» **WHAT YOU ARE ASKED TO DO**
Nothing but the lines from the one that contains "Red Organza Floral" through the end of the data should be reproduced, and each must match exactly.

» **EXERCISE INPUTS**
* * * * *

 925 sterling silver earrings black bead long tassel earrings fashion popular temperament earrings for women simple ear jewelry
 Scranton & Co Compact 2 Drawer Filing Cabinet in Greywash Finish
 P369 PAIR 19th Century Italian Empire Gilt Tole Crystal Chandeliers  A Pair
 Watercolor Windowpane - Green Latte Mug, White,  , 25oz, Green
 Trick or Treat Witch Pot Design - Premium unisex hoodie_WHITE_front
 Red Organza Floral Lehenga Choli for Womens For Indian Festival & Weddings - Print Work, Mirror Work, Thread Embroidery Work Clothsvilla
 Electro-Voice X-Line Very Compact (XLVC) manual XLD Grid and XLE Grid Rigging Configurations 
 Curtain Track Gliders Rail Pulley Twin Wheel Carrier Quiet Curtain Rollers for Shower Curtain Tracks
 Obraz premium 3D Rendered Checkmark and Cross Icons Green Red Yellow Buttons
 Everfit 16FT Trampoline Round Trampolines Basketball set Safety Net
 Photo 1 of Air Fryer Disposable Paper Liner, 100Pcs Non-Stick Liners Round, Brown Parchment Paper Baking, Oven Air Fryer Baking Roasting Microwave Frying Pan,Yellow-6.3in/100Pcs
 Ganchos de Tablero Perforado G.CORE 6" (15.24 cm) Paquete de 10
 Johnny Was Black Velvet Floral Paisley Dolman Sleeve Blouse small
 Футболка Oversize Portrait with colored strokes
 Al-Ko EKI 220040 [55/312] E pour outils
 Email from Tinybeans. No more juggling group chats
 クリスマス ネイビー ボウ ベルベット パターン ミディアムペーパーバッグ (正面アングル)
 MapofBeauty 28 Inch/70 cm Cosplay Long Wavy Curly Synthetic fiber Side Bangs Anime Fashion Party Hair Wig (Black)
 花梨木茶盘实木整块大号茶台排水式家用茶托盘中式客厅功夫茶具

* * * * *

» **EXERCISE OUTPUT**
 Red Organza Floral Lehenga Choli for Womens For Indian Festival & Weddings - Print Work, Mirror Work, Thread Embroidery Work Clothsvilla
 Electro-Voice X-Line Very Compact (XLVC) manual XLD Grid and XLE Grid Rigging Configurations 
 Curtain Track Gliders Rail Pulley Twin Wheel Carrier Quiet Curtain Rollers for Shower Curtain Tracks
 Obraz premium 3D Rendered Checkmark and Cross Icons Green Red Yellow Buttons
 Everfit 16FT Trampoline Round Trampolines Basketball set Safety Net
 Photo 1 of Air Fryer Disposable Paper Liner, 100Pcs Non-Stick Liners Round, Brown Parchment Paper Baking, Oven Air Fryer Baking Roasting Microwave Frying Pan,Yellow-6.3in/100Pcs
 Ganchos de Tablero Perforado G.CORE 6" (15.24 cm) Paquete de 10
 Johnny Was Black Velvet Floral Paisley Dolman Sleeve Blouse small
 Футболка Oversize Portrait with colored strokes
 Al-Ko EKI 220040 [55/312] E pour outils
 Email from Tinybeans. No more juggling group chats
 クリスマス ネイビー ボウ ベルベット パターン ミディアムペーパーバッグ (正面アングル)
 MapofBeauty 28 Inch/70 cm Cosplay Long Wavy Curly Synthetic fiber Side Bangs Anime Fashion Party Hair Wig (Black)
 花梨木茶盘实木整块大号茶台排水式家用茶托盘中式客厅功夫茶具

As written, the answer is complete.